Em resumo: registro por número de celular, para entrar no clube e fazer amigos. Muito simples, mesmo que ele não fizesse, os grandes portais logo lançariam algo parecido, tornaria-se um sucesso, ganharia fortunas com o Dream Web Móvel.
Não julgue o passado com olhos do futuro.
Em 2001, muitos ainda não sabiam o que era um computador, muitos acabavam de criar seu primeiro QQ, muitos passavam o dia inteiro só navegando no Baidu.
Bastava criar algo, colocar na internet, com certeza teria público.
Se fosse um pouco diferente, tornava-se um produto popular.
Trabalharam por horas, quando pararam para conversar, Yao Xiaobo, como um garoto curioso, enviou outra pergunta: “Mano, depois que o site estiver no ar, como vamos divulgar?”
“Você vai nos grandes BBS e salas de chat espalhar anúncios, eu imprimo cartões e distribuo nos cybercafés.”
“Ah? Assim tão simples?”
“Dois pobres, como quer divulgar? Claro que é simples, mas o nosso simples tem detalhes, vamos, continue trabalhando!”
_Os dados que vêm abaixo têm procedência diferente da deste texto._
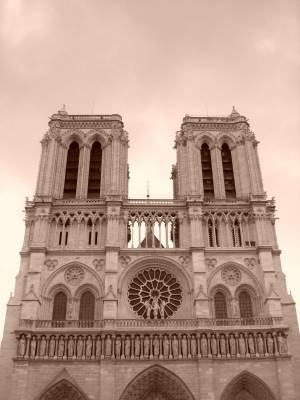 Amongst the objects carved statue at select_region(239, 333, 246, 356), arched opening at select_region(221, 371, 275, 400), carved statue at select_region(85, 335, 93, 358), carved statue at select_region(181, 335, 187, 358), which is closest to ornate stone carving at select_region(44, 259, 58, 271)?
carved statue at select_region(85, 335, 93, 358)

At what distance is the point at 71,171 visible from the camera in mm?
38125

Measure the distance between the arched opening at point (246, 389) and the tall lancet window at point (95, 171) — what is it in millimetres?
17090

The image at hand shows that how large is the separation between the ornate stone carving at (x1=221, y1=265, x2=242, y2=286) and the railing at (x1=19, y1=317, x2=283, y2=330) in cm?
299

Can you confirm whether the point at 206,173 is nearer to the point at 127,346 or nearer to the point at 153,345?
the point at 153,345

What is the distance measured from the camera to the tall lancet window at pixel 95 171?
122 ft

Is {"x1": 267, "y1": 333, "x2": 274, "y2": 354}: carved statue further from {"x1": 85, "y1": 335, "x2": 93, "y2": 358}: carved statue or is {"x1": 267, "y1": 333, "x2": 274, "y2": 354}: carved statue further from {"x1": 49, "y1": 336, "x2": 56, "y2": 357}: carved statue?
{"x1": 49, "y1": 336, "x2": 56, "y2": 357}: carved statue

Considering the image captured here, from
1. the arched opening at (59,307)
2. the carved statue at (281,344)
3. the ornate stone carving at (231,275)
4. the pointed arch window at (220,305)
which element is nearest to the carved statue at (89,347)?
the arched opening at (59,307)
Yao Yuan olhou para o site modesto na tela, fotos tiradas por ele: um seguia o estilo puro e natural, só fotos do cotidiano; outro era sensual, claramente posado.
O efeito era bom; numa época em que fotos pessoais eram raras e poucos sabiam subir imagens na internet, certamente traria algum tráfego.
Só não sabia se o público preferiria o estilo inocente ou o sensual.
Terminadas as fotos, Yao Yuan começou a criar perfis.
“Rong Rong, de Pequim, dezenove anos, um metro e sessenta e sete, oitenta e dois quilos, gosta de ler, viajar, assistir filmes, requisitos para amizade tal e tal... O apelido na rede será ‘Menina do Sorriso’.”
“A mulher madura, trinta anos, um metro e setenta, modelo amadora, gosta de fazer amigos... Apelido, apelido...”
Yao Yuan coçou a cabeça.
“Vai ser ‘Irmã Boneca’.”
(E ainda há mais...)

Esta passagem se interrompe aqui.